However, each Rx signal line connected to each touch electrode runs through the whole AA area, and the Rx signal line and the non-corresponding touch electrode are shorted during the manufacturing process, that is, one Rx signal line is connected to a plurality of touch electrodes.

In order to avoid outflow of bad products, the detection method provided by the embodiment of the invention can detect the display performance of the Incell self-contained module panel and can also detect the touch performance of the Incell self-contained module panel.

Fig. 2 is a block diagram illustrating a method and structure for module inspection of the Incell self-contained module panel 100 according to an exemplary embodiment of the present invention.

Referring to fig. 2, the method for detecting the modules of the Incell self-contained module panel 100 includes: first, the transparent conductive layer 210 is disposed above the Incell self-contained module panel 100, such that the transparent conductive layer 210 covers and is close to the AA area of the entire Incell self-contained module panel 100, wherein the area of the transparent conductive layer 210 may be greater than or equal to the AA area of the Incell self-contained module panel 100, and the transparent conductive layer 210 may be made of indium tin oxide, but is not limited thereto. Then, the transparent conductive layer 210 is electrically connected to the ground, and a detection circuit 220 is connected between the transparent conductive layer 210 and the ground, and the detection circuit 220 may be a circuit structure that realizes a function of detecting a current, but is not limited thereto, and may be any type of circuit structure that realizes a function of detecting other circuit (for example, voltage, etc.). And then, a control Integrated Circuit (IC) inputs a test square wave to each touch electrode of the Incell self-contained module panel in sequence, under a normal condition, a current flows between the transparent electrode and the ground, the detection circuit 220 is used for detecting the current, and whether the touch performance of the Incell self-contained module panel is in an abnormal state or not can be determined according to the detected current. Hereinafter, the principle of the detection method will be specifically described with reference to fig. 3.

Fig. 3 is a sectional view taken along line I-I' in fig. 2.

As shown in fig. 3, the AA region of the Incell self-contained module panel 100 includes, but is not limited to, a TFT glass layer 310, a touch electrode layer 320, a liquid crystal material (not shown), and a color filter layer 330. The TFT glass layer 310 is a substrate glass layer provided with an electrode pattern and having a Thin Film Transistor (TFT) function. The touch electrode layer 320 is disposed on the TFT glass layer 310 and includes a plurality of touch electrodes independent and separated from each other, each of which may be a block shape, but is not limited thereto, and each of which may also be a circular or other shaped electrode. The color filter layer 330 is disposed above the touch electrode layer 320, and can precisely select a small-range wavelength band light wave desired to pass through, and reflect other undesired wavelength bands. A liquid crystal material (not shown) is disposed in a space between the touch electrode layer 320 and the color filter layer 330, and the liquid crystal material exhibits different optical characteristics under different voltages.

The transparent conductive layer 210 may be disposed on, but not limited to, a transparent carrier glass 350 to form a transparent conductive layer member. The transparent conductive layer member is detachably disposed above the Incell self-contained module panel 100, for example, the transparent conductive layer 210 may be brought close to or directly contact with the upper surface of the Incell self-contained module panel 100, and when an electrical signal is provided to one of the touch electrode layers 320, the transparent conductive layer 210 may form a capacitance with the touch electrode of the touch electrode layer 320 to which the electrical signal is provided.
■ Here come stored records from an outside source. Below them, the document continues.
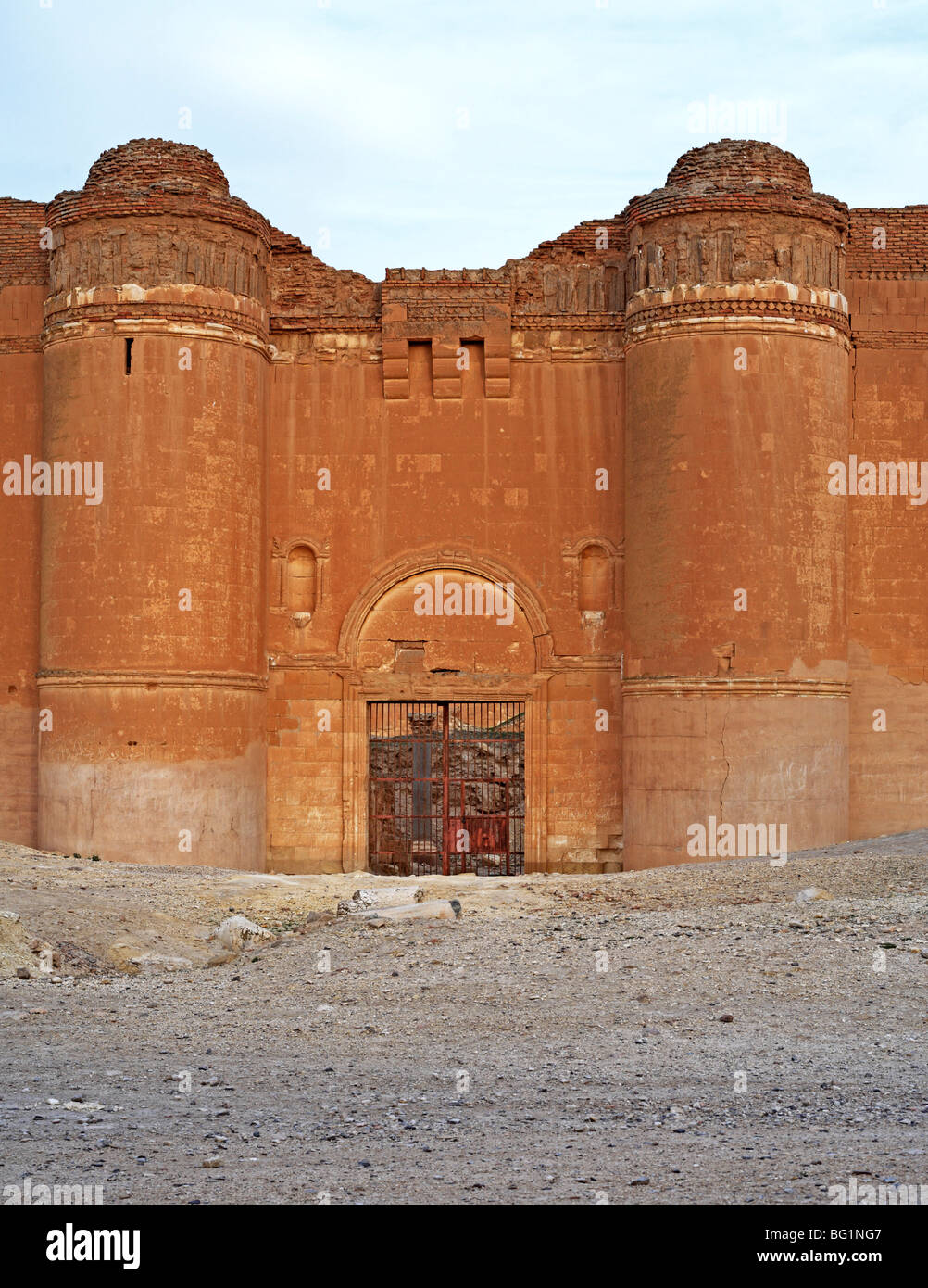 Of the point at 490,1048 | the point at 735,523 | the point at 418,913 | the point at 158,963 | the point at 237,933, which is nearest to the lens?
the point at 490,1048

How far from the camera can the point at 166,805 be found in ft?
65.3

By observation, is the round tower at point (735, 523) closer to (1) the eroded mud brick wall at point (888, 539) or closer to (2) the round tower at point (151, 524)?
(1) the eroded mud brick wall at point (888, 539)

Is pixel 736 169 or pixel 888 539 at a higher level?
pixel 736 169

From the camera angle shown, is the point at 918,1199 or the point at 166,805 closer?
the point at 918,1199

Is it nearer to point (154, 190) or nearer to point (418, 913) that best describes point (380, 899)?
point (418, 913)

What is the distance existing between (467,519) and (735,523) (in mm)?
4035

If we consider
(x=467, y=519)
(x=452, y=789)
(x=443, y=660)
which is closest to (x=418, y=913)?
→ (x=443, y=660)

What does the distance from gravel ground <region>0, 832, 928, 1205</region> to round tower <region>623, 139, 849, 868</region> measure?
17.0 ft

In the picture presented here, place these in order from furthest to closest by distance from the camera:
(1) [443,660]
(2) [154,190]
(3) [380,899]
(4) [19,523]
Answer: (4) [19,523]
(1) [443,660]
(2) [154,190]
(3) [380,899]

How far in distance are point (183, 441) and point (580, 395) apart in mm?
5845

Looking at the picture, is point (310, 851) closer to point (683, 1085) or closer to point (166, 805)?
point (166, 805)

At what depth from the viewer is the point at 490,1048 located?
29.5 feet

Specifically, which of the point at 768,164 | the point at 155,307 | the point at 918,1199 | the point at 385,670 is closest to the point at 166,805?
the point at 385,670

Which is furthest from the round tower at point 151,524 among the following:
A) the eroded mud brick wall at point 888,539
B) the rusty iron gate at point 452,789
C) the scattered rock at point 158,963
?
the eroded mud brick wall at point 888,539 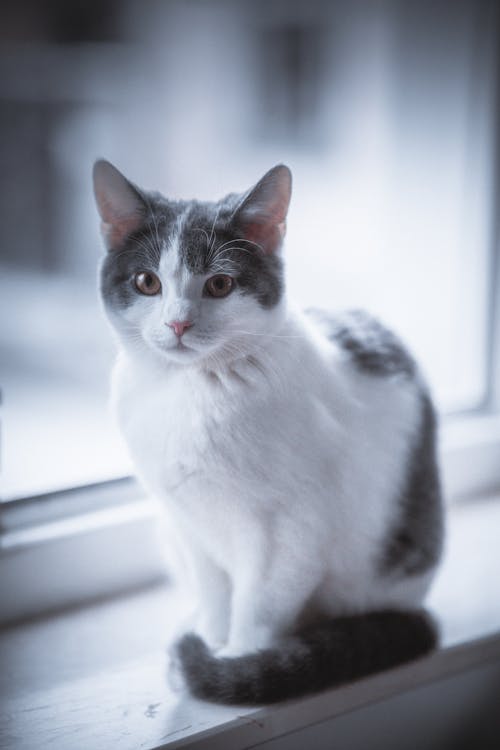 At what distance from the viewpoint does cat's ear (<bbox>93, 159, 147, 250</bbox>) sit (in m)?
0.95

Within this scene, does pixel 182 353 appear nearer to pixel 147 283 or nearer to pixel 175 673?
pixel 147 283

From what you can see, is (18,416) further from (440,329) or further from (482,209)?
(482,209)

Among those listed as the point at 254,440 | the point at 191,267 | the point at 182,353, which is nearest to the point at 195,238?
the point at 191,267

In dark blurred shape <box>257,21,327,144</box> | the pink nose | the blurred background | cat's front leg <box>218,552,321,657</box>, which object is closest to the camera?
the pink nose

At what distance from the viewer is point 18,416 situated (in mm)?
1318

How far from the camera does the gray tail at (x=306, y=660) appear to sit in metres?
0.99

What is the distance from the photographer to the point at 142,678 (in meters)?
1.09

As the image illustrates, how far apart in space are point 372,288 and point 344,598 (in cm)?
75

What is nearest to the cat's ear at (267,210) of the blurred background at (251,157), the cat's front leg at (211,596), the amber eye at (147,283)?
the amber eye at (147,283)

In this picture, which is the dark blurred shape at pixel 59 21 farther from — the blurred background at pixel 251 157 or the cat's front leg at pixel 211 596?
the cat's front leg at pixel 211 596

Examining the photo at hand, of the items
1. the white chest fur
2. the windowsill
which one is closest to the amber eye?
the white chest fur

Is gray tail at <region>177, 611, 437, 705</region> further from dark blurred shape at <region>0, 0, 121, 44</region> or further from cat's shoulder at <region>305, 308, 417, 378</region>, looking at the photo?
dark blurred shape at <region>0, 0, 121, 44</region>

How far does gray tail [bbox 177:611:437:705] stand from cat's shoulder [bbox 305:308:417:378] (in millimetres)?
376

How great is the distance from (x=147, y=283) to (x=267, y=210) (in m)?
0.18
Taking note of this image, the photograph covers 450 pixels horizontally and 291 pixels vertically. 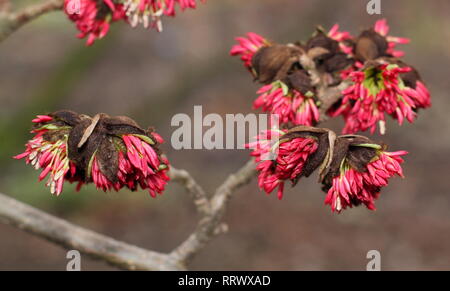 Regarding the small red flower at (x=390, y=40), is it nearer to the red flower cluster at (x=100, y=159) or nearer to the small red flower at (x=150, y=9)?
the small red flower at (x=150, y=9)

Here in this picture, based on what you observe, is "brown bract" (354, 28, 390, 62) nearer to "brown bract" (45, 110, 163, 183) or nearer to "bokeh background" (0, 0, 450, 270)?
"brown bract" (45, 110, 163, 183)

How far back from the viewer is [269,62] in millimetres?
2920

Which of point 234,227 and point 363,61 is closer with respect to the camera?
point 363,61

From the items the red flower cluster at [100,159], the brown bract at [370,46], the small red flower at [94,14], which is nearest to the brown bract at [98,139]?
the red flower cluster at [100,159]

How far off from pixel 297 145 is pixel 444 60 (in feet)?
32.6

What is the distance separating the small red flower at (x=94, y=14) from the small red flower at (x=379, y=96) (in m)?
1.16

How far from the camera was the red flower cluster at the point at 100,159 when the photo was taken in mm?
2420

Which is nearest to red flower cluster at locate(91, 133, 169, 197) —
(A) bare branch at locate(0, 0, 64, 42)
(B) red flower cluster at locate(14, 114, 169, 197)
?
(B) red flower cluster at locate(14, 114, 169, 197)

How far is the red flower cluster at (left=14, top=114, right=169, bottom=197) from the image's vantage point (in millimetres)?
2420

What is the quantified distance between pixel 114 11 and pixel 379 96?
1287 mm

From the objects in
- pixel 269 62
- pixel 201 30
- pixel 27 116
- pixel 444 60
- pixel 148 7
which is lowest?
pixel 269 62

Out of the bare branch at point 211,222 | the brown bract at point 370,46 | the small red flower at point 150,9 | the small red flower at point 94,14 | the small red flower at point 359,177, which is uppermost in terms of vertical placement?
the small red flower at point 94,14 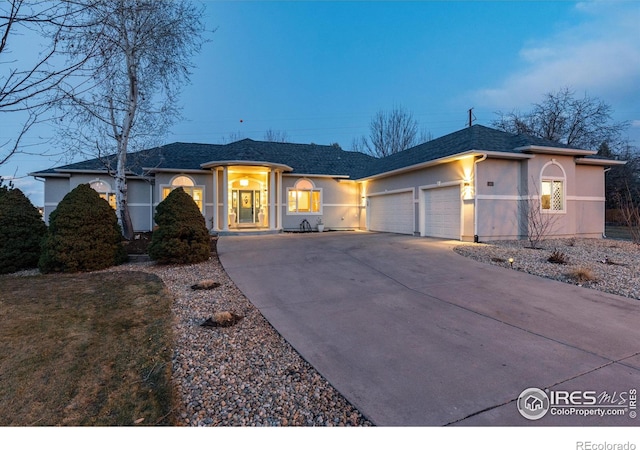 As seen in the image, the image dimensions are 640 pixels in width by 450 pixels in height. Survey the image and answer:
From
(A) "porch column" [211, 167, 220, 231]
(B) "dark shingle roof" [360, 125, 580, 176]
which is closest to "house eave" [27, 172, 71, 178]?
(A) "porch column" [211, 167, 220, 231]

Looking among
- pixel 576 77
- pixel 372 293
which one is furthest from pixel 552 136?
pixel 372 293

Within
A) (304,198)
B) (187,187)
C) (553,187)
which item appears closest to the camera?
(553,187)

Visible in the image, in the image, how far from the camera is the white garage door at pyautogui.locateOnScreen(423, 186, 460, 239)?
36.8ft

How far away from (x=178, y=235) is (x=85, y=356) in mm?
4662

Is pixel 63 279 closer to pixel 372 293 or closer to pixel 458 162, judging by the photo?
pixel 372 293

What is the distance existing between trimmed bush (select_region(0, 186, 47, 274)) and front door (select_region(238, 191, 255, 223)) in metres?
8.86

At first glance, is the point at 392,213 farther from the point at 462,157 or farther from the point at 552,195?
the point at 552,195

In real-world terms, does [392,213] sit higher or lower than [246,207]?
lower

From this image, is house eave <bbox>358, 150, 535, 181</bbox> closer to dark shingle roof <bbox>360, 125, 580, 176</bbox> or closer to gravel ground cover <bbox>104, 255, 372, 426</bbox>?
dark shingle roof <bbox>360, 125, 580, 176</bbox>

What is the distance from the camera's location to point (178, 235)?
7613 millimetres

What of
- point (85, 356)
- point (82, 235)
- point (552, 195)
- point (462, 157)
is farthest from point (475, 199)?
point (82, 235)

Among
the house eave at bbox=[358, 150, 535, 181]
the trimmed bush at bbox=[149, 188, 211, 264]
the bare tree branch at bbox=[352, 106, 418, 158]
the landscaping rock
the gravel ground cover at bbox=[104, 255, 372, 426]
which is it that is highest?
the bare tree branch at bbox=[352, 106, 418, 158]

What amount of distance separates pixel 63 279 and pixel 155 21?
990cm

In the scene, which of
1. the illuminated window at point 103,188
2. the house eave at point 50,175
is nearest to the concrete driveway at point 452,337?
the illuminated window at point 103,188
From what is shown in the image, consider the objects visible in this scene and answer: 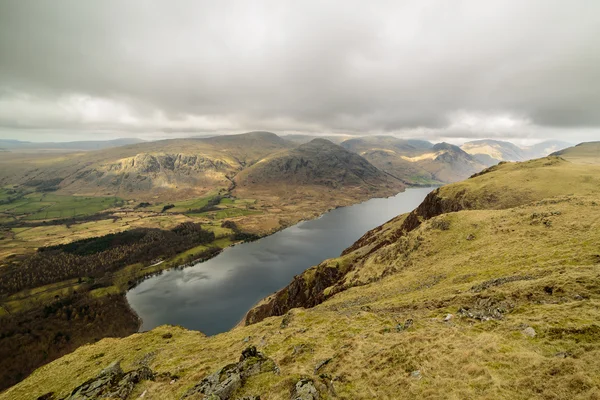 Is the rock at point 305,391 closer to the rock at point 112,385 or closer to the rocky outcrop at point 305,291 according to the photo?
the rock at point 112,385

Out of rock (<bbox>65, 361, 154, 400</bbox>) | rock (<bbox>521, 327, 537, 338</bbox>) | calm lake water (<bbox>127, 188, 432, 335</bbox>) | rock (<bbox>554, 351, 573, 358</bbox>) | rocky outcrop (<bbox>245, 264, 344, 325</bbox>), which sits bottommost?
calm lake water (<bbox>127, 188, 432, 335</bbox>)

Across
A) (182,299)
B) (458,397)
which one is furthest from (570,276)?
(182,299)

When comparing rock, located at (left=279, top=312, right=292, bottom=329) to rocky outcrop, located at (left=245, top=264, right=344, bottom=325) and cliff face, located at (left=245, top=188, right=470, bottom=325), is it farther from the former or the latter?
rocky outcrop, located at (left=245, top=264, right=344, bottom=325)

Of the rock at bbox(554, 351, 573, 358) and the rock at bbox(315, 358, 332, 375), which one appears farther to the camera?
the rock at bbox(315, 358, 332, 375)

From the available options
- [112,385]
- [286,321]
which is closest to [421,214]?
[286,321]

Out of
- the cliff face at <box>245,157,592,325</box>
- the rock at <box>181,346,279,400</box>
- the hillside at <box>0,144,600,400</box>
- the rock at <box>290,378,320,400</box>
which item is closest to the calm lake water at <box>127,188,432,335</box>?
the cliff face at <box>245,157,592,325</box>

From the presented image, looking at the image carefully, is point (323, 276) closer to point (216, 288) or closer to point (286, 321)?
point (286, 321)

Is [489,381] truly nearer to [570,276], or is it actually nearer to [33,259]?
[570,276]

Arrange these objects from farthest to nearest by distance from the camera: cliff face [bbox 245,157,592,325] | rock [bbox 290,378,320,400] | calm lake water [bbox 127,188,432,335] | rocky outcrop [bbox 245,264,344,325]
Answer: calm lake water [bbox 127,188,432,335]
rocky outcrop [bbox 245,264,344,325]
cliff face [bbox 245,157,592,325]
rock [bbox 290,378,320,400] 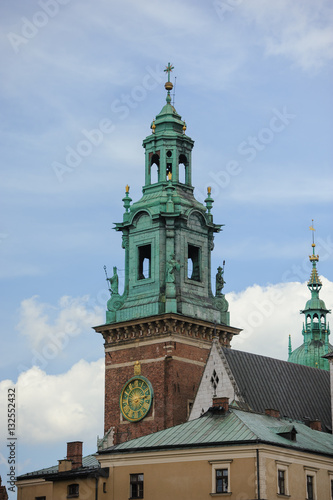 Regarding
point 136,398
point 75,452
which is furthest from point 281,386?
point 75,452

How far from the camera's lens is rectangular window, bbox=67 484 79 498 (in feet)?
264

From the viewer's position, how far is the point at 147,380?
96.9m

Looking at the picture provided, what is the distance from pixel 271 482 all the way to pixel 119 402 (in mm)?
26943

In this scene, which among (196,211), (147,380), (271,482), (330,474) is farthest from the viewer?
(196,211)

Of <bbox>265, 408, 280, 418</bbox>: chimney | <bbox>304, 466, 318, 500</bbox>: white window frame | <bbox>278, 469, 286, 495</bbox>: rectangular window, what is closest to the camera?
<bbox>278, 469, 286, 495</bbox>: rectangular window

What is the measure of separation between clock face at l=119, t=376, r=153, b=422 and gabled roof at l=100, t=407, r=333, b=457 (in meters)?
15.4

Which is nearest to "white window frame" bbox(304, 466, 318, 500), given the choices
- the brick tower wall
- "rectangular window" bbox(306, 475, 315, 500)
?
"rectangular window" bbox(306, 475, 315, 500)

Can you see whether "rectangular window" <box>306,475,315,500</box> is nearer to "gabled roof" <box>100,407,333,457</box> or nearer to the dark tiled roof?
"gabled roof" <box>100,407,333,457</box>

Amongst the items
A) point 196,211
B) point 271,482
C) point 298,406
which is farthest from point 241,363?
point 271,482

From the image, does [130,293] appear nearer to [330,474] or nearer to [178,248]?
[178,248]

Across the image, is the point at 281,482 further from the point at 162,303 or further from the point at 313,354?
the point at 313,354

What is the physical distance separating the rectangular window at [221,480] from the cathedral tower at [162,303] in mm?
19939

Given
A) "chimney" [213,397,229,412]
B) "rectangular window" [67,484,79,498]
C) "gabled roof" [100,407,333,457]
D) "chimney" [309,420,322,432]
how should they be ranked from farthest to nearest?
1. "chimney" [309,420,322,432]
2. "chimney" [213,397,229,412]
3. "rectangular window" [67,484,79,498]
4. "gabled roof" [100,407,333,457]

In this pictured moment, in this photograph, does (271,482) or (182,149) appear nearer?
(271,482) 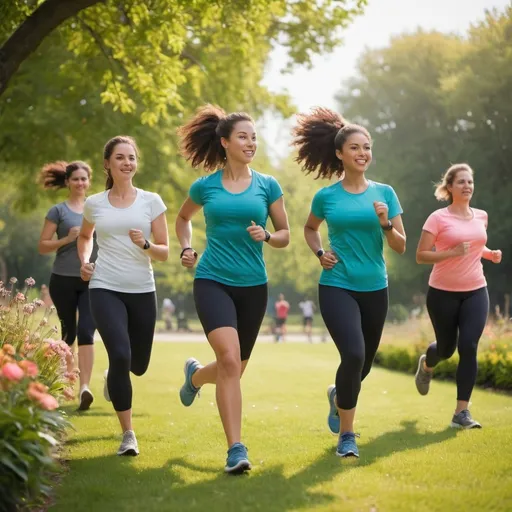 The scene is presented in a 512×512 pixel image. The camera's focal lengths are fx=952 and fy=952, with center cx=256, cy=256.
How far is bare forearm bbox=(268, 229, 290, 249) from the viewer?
6723 millimetres

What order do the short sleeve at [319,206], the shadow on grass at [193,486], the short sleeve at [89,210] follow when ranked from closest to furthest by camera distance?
the shadow on grass at [193,486]
the short sleeve at [319,206]
the short sleeve at [89,210]

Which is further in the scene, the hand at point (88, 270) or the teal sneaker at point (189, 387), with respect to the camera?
the teal sneaker at point (189, 387)

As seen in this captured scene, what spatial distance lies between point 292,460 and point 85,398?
3566 millimetres

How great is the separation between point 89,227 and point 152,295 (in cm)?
91

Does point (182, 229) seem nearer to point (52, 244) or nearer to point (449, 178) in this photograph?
point (52, 244)

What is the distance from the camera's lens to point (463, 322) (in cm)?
866

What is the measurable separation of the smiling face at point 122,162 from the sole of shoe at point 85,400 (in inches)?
124

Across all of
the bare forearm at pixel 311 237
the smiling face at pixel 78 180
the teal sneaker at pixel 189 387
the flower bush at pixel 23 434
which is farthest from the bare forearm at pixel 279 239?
the smiling face at pixel 78 180

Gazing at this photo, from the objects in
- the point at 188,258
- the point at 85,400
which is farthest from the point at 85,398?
the point at 188,258

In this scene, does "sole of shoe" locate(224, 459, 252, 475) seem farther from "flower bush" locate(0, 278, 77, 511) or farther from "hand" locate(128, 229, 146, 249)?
"hand" locate(128, 229, 146, 249)

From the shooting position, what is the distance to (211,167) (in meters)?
7.39

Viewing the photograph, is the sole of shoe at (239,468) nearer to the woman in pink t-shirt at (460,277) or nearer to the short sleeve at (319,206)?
the short sleeve at (319,206)

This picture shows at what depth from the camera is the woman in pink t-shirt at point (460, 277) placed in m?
8.56

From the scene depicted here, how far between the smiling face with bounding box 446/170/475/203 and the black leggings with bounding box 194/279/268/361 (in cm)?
282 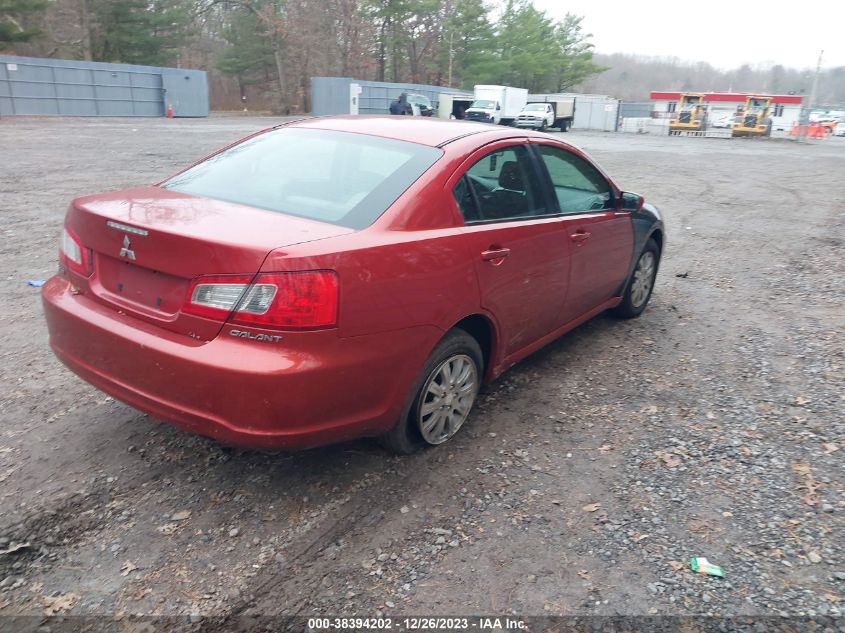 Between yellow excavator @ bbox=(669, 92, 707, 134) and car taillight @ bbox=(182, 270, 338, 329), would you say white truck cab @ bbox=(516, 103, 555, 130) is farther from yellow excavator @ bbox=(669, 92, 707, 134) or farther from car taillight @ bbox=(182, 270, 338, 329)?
car taillight @ bbox=(182, 270, 338, 329)

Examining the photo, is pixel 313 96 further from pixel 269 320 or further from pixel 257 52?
pixel 269 320

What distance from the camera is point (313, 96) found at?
150 feet

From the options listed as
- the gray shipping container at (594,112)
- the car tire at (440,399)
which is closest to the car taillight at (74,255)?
the car tire at (440,399)

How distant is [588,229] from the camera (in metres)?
4.55

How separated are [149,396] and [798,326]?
209 inches

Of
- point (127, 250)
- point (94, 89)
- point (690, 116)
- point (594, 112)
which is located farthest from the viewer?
point (594, 112)

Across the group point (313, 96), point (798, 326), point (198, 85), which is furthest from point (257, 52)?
point (798, 326)

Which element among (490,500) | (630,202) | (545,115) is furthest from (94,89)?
(490,500)

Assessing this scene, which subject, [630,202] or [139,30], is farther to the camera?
[139,30]

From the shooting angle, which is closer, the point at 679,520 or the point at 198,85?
the point at 679,520

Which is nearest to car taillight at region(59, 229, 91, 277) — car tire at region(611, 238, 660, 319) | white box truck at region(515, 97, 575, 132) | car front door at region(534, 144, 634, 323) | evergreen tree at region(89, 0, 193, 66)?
car front door at region(534, 144, 634, 323)

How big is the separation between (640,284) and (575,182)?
1.53m

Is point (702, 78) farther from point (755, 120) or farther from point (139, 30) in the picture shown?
point (139, 30)

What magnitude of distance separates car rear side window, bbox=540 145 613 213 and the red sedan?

With reference to fig. 2 and fig. 3, during the module detection, the control IC sequentially provides a test square wave to each Rx signal line, that is, the control IC sequentially inputs the test square wave to each touch electrode, under a normal condition, a touch electrode to which the test square wave is input separately forms a capacitor with a predetermined capacitance value with the transparent conductive layer 210, at this time, the transparent conductive layer 210 is formed as a transparent electrode and a current flows through the transparent electrode and the transparent conductive layer 210 and the ground, the current can be detected by the detection circuit 220, and the current detected under a normal condition can have a predetermined current value.

For example, first, the control IC inputs a test square wave to the touch electrode 110 through one Rx signal line 130, and does not provide an electrical signal to other Rx signal lines, and if the Rx signal line 130 is connected to only the touch electrode 110 but not to other touch electrodes, the control IC is in a normal operating state; in a normal operation state, the touch electrode 110 and the transparent conductive layer 210 form a capacitor with a predetermined value, and at this time, the transparent conductive layer 210 is formed as a transparent electrode and a current flows between the transparent electrode and the ground, and the detection circuit 220 can detect the current with a predetermined current value. Similarly, each Rx signal line and the corresponding touch electrode are sequentially provided with a test square wave, and the current value is detected by the detection current 220 to determine whether the current value is a predetermined current value until all the touch electrodes are detected.

However, if the Incell self-contained module panel has an abnormality, the detection circuit may detect a current greater than or less than a predetermined current value. Specifically, if one Rx signal line is connected to two or more touch electrodes (i.e., the Rx signal line is short-circuited), when a test square wave is provided to the Rx signal line, the touch electrodes connected thereto are all provided with electrical signals to form a capacitor with a capacitance greater than a predetermined capacitance value with the transparent conductive layer 210, and at this time, a current still flows between the transparent conductive layer 210 and the ground, but the detection circuit detects a current greater than a predetermined current value. If one Rx signal line is not connected to its corresponding touch electrode (or the connection is disconnected) nor connected to other touch electrodes, when a test square wave is supplied to the Rx signal line, all the touch electrodes do not receive an electric signal, no current flows between the transparent electrode and the ground, and the current detected by the detection circuit may be 0 (less than a predetermined current value). Therefore, if the detection circuit detects a current which is larger than or smaller than a preset current value, the Incell self-contained module panel is abnormal.

In summary, the control IC sequentially provides the test square wave to each Rx signal line (i.e., sequentially provides the test square wave to each touch electrode), so as to sequentially test the touch performance of each touch electrode, sequentially detects the flowing current value through the detection circuit 220 until the test of all touch electrodes is completed, and when all current values detected by the detection circuit 220 are the predetermined current values (or within the tolerance range of the predetermined current values), it indicates that the Incell self-contained module panel is in a normal state, and the touch performance is good and is good; however, when the current significantly greater than or less than the predetermined current value exists in all the current values detected by the detection circuit, it indicates that the Incell self-contained module panel is in an abnormal state, and the touch performance of the Incell self-contained module panel is problematic and is a poor product.

In addition, since the transparent conductive layer member is detachably disposed on the Incell self-contained module panel, the transparent conductive layer member can be removed after the completion of the inspection, so that the transparent conductive layer member can be used for the inspection of other module panels, thereby simplifying the inspection step, and not affecting the subsequent manufacturing process (for example, covering a decorative cover glass, etc.).

Therefore, according to the module detection method provided by the invention, the display performance of the Incell self-contained module panel can be detected, and the touch performance of the Incell self-contained module panel can also be detected, so that the outflow of bad products is avoided, and the yield of the products is improved.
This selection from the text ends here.